From: Tod O. <to...@uc...> - 2012-02-24 16:16:44
|
Thanks! We'll look at parallel indexing and the Solr merge settings. And also the GC behavior. -Tod On Feb 24, 2012, at 6:29 AM, Demian Katz wrote: > I'm copying this message to solrmarc-tech, since you'll probably get additional suggestions from there. > > Also, you might want to look at this thread -- it's a few years old but probably still relevant: > > http://sourceforge.net/mailarchive/message.php?msg_id=21044664 > > ...and here's another one: > > http://groups.google.com/group/solrmarc-tech/browse_thread/thread/fe329385bb1dc953 > > One thing that's particularly worth experimenting with (if you haven't already) is comparing performance between direct index writing and writing over HTTP. If you edit import.properties and change your solr.path value to "REMOTE", then SolrMarc will post updates to the solr.hosturl URL rather than writing them directly to the index. If you can split up your MARC file into chunks, you can run multiple instances of SolrMarc in parallel using the HTTP writing method, and that might help speed things up. > > - Demian > ________________________________________ > From: Tod Olson [to...@uc...] > Sent: Thursday, February 23, 2012 10:08 PM > To: vuf...@li... > Subject: [VuFind-Tech] solrmarc import speed > > Well, the inevitable question of how to speed up solrmarc imports is coming up.
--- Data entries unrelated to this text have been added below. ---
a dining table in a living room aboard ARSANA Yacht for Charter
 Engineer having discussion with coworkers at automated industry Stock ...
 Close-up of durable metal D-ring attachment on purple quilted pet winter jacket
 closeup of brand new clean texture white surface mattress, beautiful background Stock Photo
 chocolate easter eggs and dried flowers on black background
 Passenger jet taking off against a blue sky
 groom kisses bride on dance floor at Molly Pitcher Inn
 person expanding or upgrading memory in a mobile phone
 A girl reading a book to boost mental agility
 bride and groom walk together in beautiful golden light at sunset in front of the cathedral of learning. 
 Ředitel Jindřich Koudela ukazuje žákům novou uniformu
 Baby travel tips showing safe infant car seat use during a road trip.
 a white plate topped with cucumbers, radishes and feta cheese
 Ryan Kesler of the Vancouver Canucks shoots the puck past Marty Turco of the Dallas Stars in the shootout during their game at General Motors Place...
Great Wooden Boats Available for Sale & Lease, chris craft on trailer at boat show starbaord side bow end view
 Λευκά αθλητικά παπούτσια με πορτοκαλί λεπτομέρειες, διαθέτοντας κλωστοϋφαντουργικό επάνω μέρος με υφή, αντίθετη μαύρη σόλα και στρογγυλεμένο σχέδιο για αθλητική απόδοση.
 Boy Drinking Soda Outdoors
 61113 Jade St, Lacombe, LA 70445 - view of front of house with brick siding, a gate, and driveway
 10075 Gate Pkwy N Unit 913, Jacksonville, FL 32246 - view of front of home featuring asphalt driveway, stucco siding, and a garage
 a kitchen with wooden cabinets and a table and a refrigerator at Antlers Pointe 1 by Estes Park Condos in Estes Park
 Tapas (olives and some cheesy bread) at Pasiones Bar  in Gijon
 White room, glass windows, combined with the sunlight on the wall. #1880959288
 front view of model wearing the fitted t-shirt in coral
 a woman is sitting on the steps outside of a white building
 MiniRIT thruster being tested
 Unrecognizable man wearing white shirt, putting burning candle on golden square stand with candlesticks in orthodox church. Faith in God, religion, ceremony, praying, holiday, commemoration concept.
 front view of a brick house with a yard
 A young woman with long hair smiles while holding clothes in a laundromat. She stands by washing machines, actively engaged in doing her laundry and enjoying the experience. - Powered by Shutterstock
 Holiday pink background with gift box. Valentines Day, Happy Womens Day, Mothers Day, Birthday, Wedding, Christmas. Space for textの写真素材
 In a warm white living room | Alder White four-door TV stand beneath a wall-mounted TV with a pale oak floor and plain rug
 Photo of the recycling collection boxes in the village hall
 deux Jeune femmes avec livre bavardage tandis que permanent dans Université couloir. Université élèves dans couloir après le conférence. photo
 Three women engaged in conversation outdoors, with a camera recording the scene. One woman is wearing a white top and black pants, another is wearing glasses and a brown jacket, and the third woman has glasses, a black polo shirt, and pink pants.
Some guidance about what to look for would be welcome. > > The test system is a VM with 2CPUs, 49GB RAM (~4GB free) running Ubuntu 10. What we observe is in our first full import (6 million records) one of our later files of about a million records would be added in 9 hours. Not production speed, but enough to test. Now that we have a full index and are re-importing the records, we only imported about 370K records in the first 6 hours. Looks to me like we are CPU bound, seems maybe there's a single thread in solrmarc that is the bottleneck. solrconfig.xml is the default from the VuFind distro: mergFactor=10, that sort of thing. > > Behavior-wise, we also notice that records will chug along for awhile, and then there will be a big pause with no feedback. I assume this is when solr is merging segments. > > I know a few of you are indexing several million records, so I figure I'll start here. What were your first steps in speeding up indexing, and what kinds of metrics were useful to you? > > Thanks for any advice or pointers. > > -Tod > > > Tod Olson <to...@uc...<mailto:to...@uc...>> > Systems Librarian > University of Chicago Library > > > |